Earlier, the CeMAP requested that the tariff imposition on imported cement be extended as the administrative order expires in October.

It also noted that over the time period covered by Administrative Order No. 19-13, the local cement sector was able to stabilize output and expand its capacity to meet the demands of a developing market.

“During the period under review, there was no significant overall impairment in the position of the domestic cement industry that constituted serious injury,” the report stated, pointing out that “there is no existence of an imminent threat of serious injury and significant overall impairment to the position of the domestic cement industry in the near future.”

In 2019, the Department of Trade Industry (DTI) issued DTI Administrative Order (DAO) No. 19-13, imposing a three-year safeguard duty on imported cement.

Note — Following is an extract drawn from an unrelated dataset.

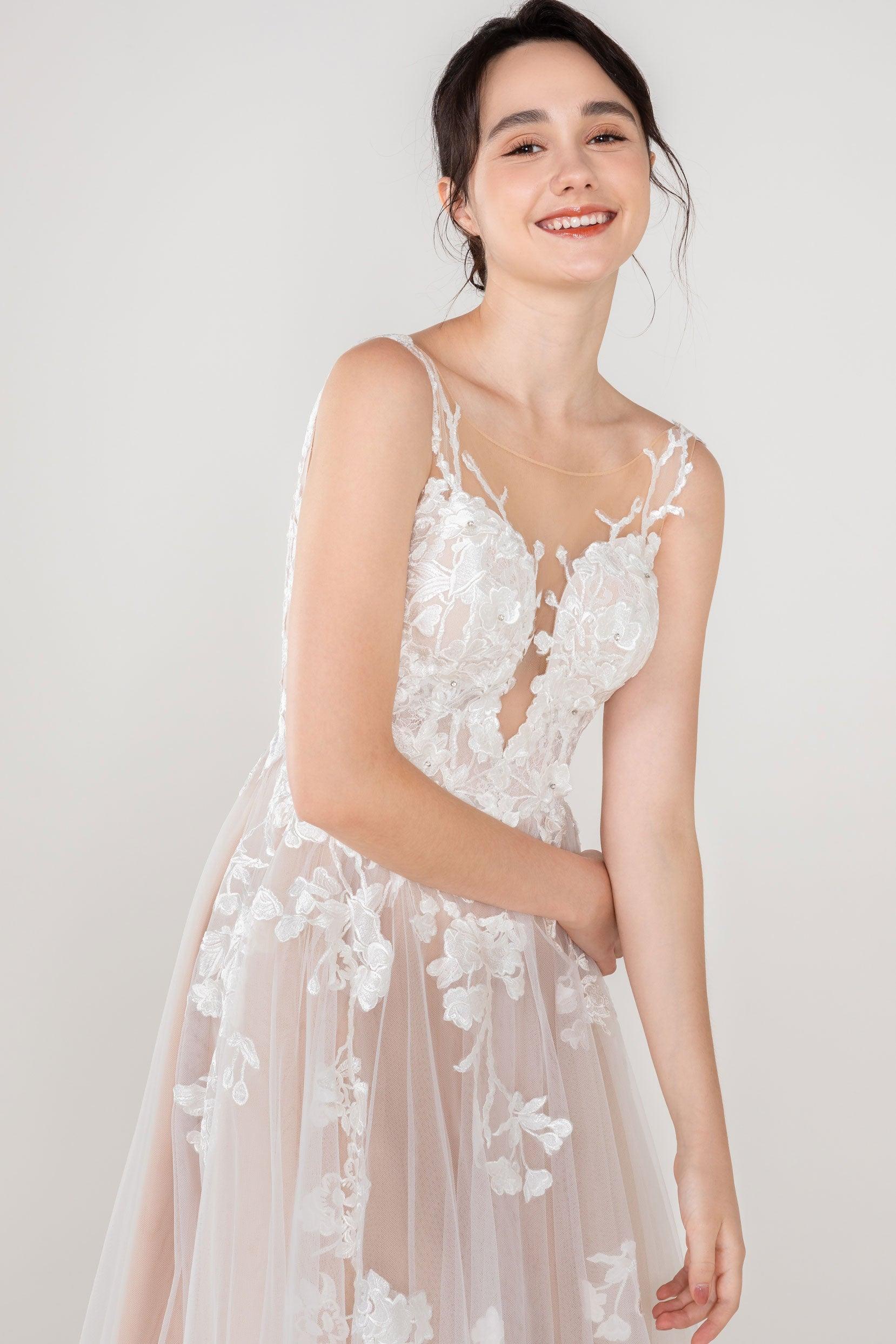 A-Line Sweep-Brush Train Tulle Lace Wedding Dress CW2534 - COCOMELODY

These safeguard measures were intended to provide temporary relief to the domestic cement industry while it worked to improve its competitiveness against imports.

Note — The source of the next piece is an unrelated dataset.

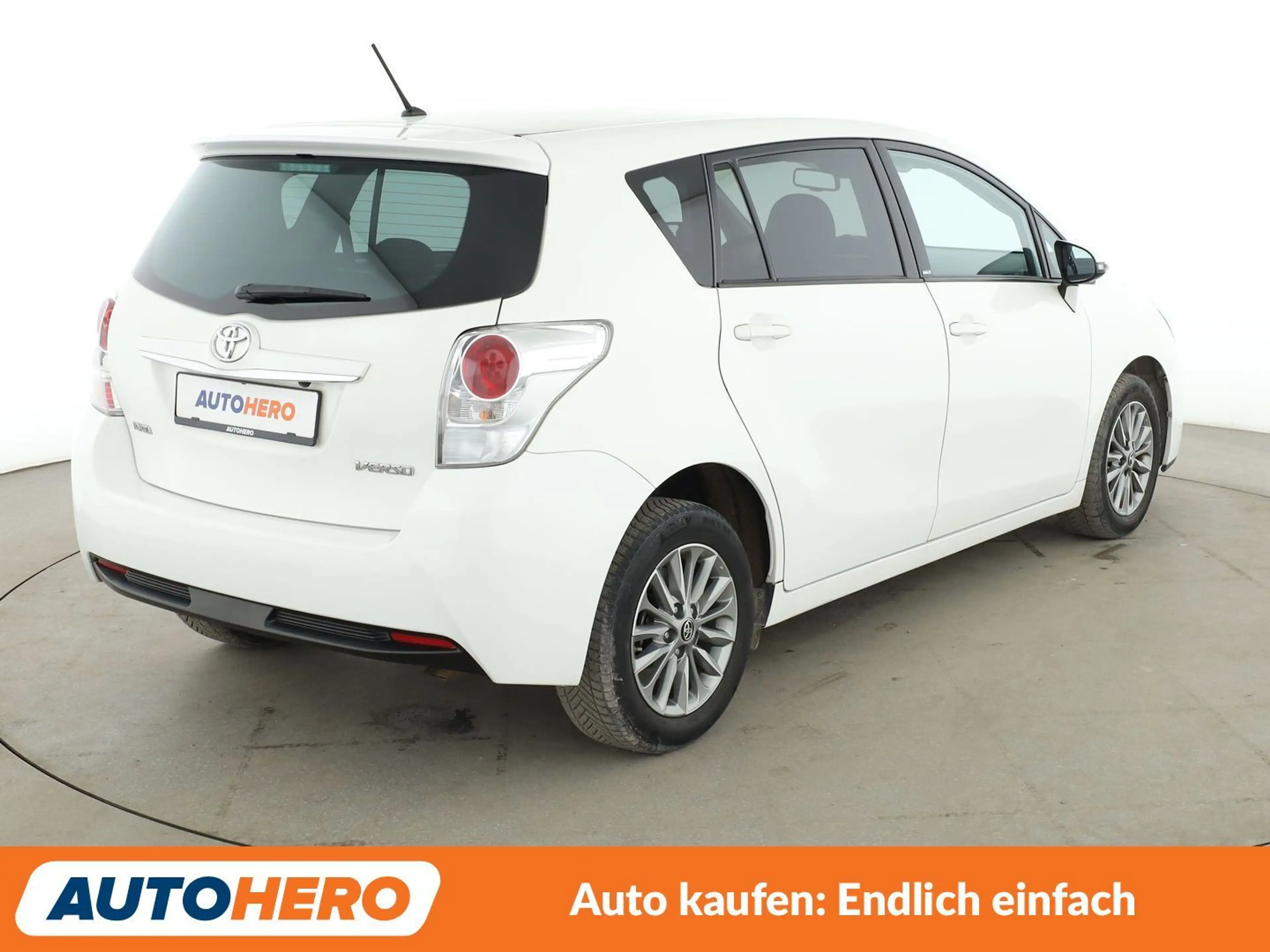 Toyota Verso 1.6 D-4D Edition-S*TEMPO*CAM*PDC*SHZ*BLUETOOTH* — photo 6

Per TC’s report, here are the following benefits of the non-extension to stakeholders:

• The non-extension of the safeguard measure on cement would prevent price increases in both local and imported cement which, in turn, would lead to positive spillover effects on the growth of the construction industry, which has a high contribution to gross capital formation.

• Stable construction costs, from stabilized/lower cement prices, would encourage capital investments, support an enabling business environment, and ultimately be economically beneficial.

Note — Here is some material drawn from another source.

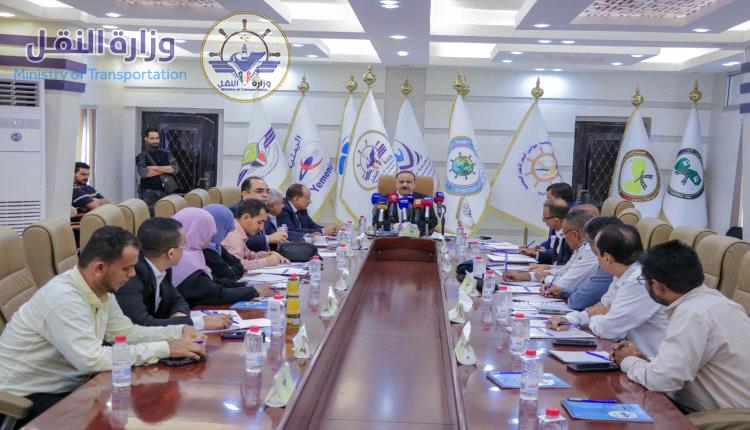 وزير النقل يترأس اجتماع اللجنة الوطنية العليا للتنسيق والمتابعة الخاصة بالخطة الوطنية للطوارئ لمواجهة تلوث البيئة البحرية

• For government-funded infrastructure projects (“Build Better More”), taxpayers would be spared from the additional burden of more expensive construction costs, considering the hefty burden already posed by government’s historically high debt levels (P13.02 trillion as of August 202223).

• Consumer welfare is best served if protection is kept to a reasonable period and consumers are afforded the benefits of wider product choice, whether local or imported, thereafter.

• With currently elevated inflation levels (i.e., higher food, coal, and fertilizer prices), a further erosion of purchasing power is prevented if the imposition of the safeguard measure is not extended.

The effects of the administrative order on consumers have been raised by a number of consumer advocacy groups. According to one of these groups, Laban Konsyumer, the application of safeguard tax on imports will lead to higher cement costs, which will ultimately harm consumers.

Laban Konsyumer said that three months after the levy on import cements was enacted, the retail prices of cement jumped by P15–40 per 40–kg bag, according to DTI's own price monitoring records.

The rise was substantially greater than the provisional safeguard duty of P8.40 per bag, the advocacy group said.

In the first quarter of 2022, it noted that cement prices could climb by as much as P20 per bag. “Cement prices would increase by as much as P20 per bag in the first quarter of 2022.”